A verbatim copy of all the data is required, minus any images.

■ Collected data
++++++
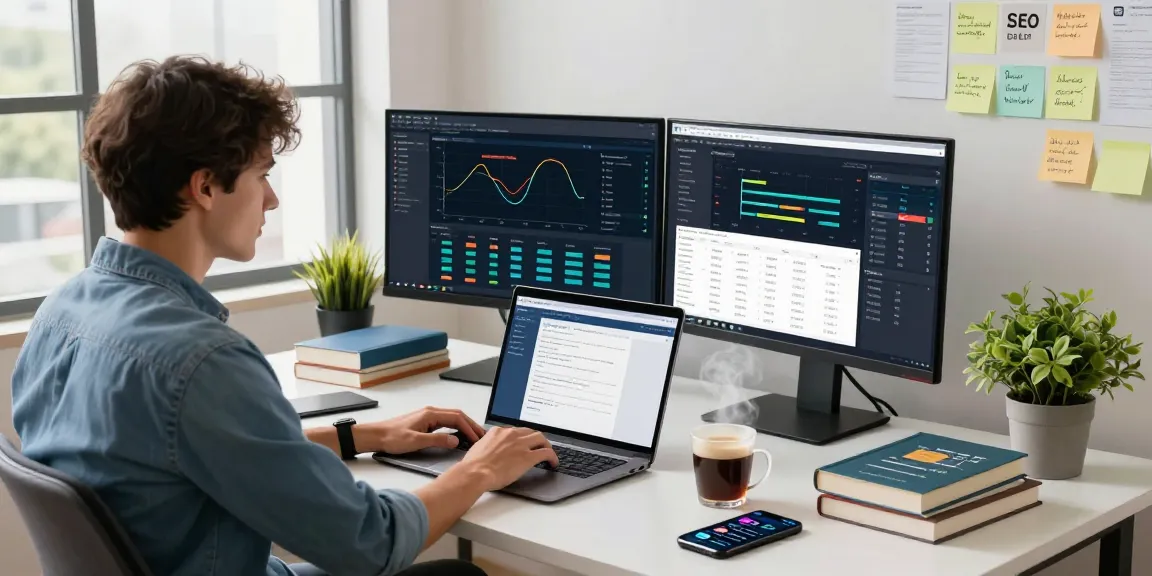 SEO Unterstützung durch strategische Planung in einer modernen Marketing-Arbeitsumgebung mit Datenanalysen auf mehreren Bildschirmen.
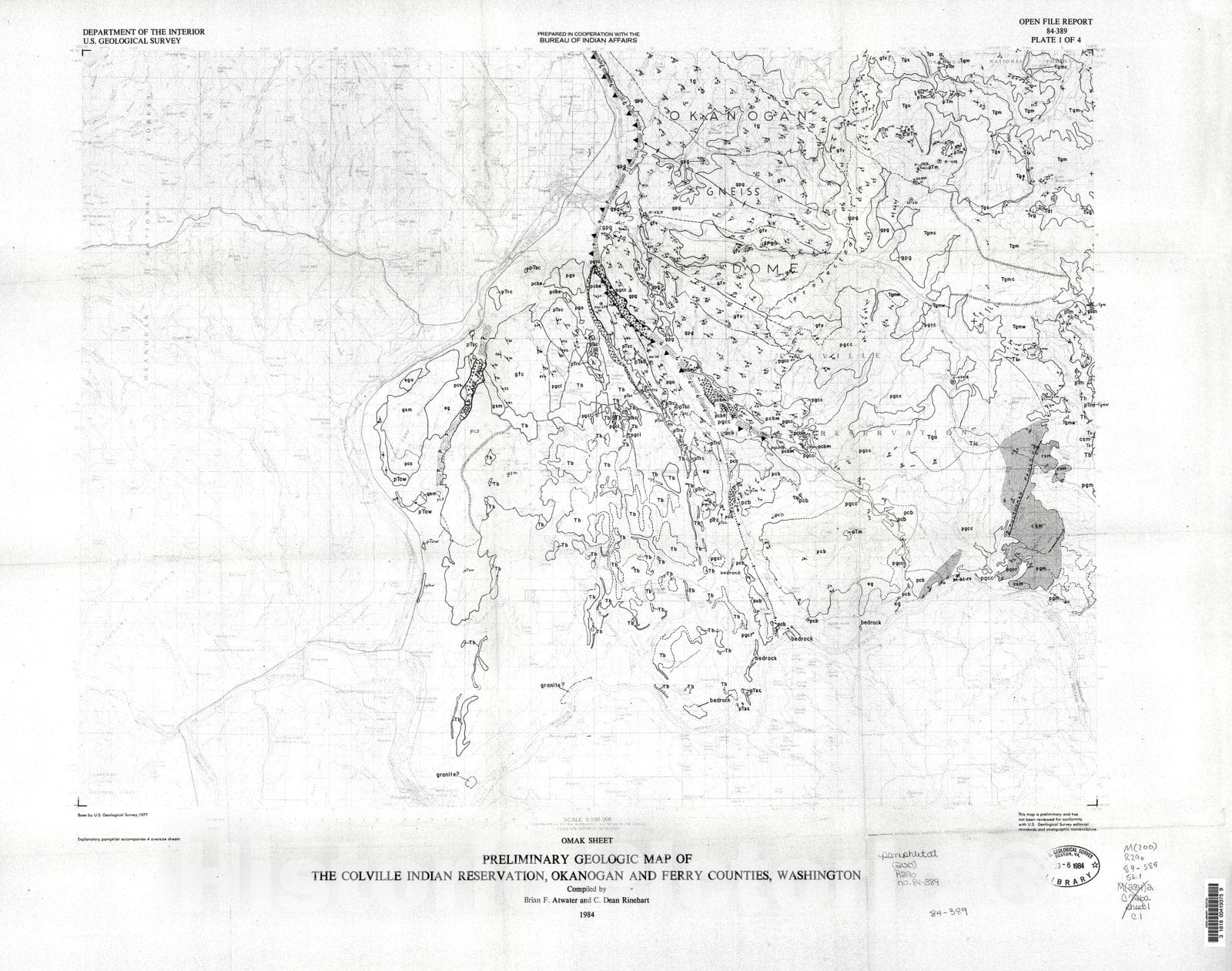 Map : Preliminary geologic map of the Colville Indian Reservation, Ferry and Okanogan Counties, Washington, 1984 Cartography Wall Art :
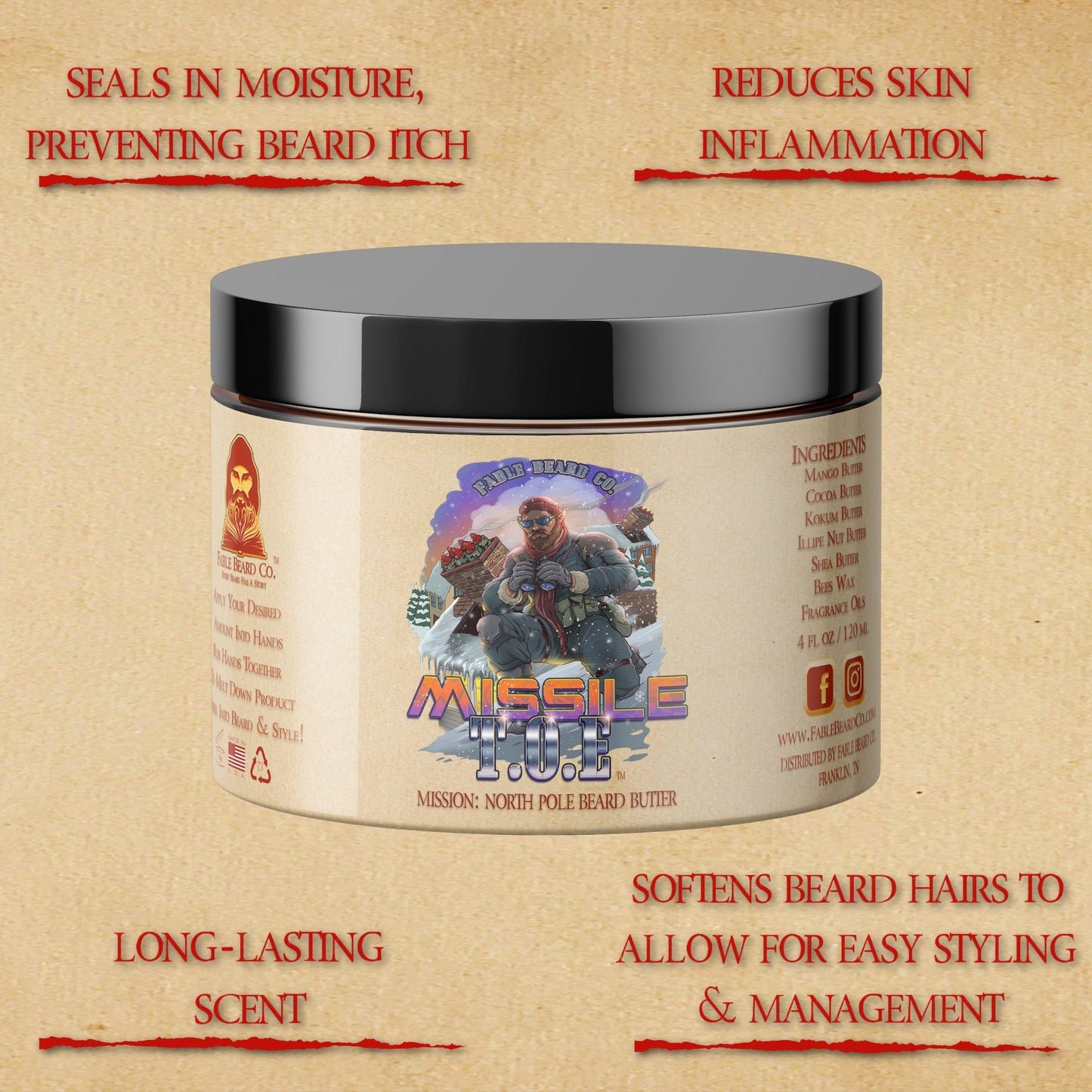 Missile Toe - Beard Butter - Red Holly Berries, Crisp Pinecones, Blackberry Puree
++++++
■ Task output
 SEO Unterstützung durch strategische Planung in einer modernen Marketing-Arbeitsumgebung mit Datenanalysen auf mehreren Bildschirmen.
 Map : Preliminary geologic map of the Colville Indian Reservation, Ferry and Okanogan Counties, Washington, 1984 Cartography Wall Art :
 Missile Toe - Beard Butter - Red Holly Berries, Crisp Pinecones, Blackberry Puree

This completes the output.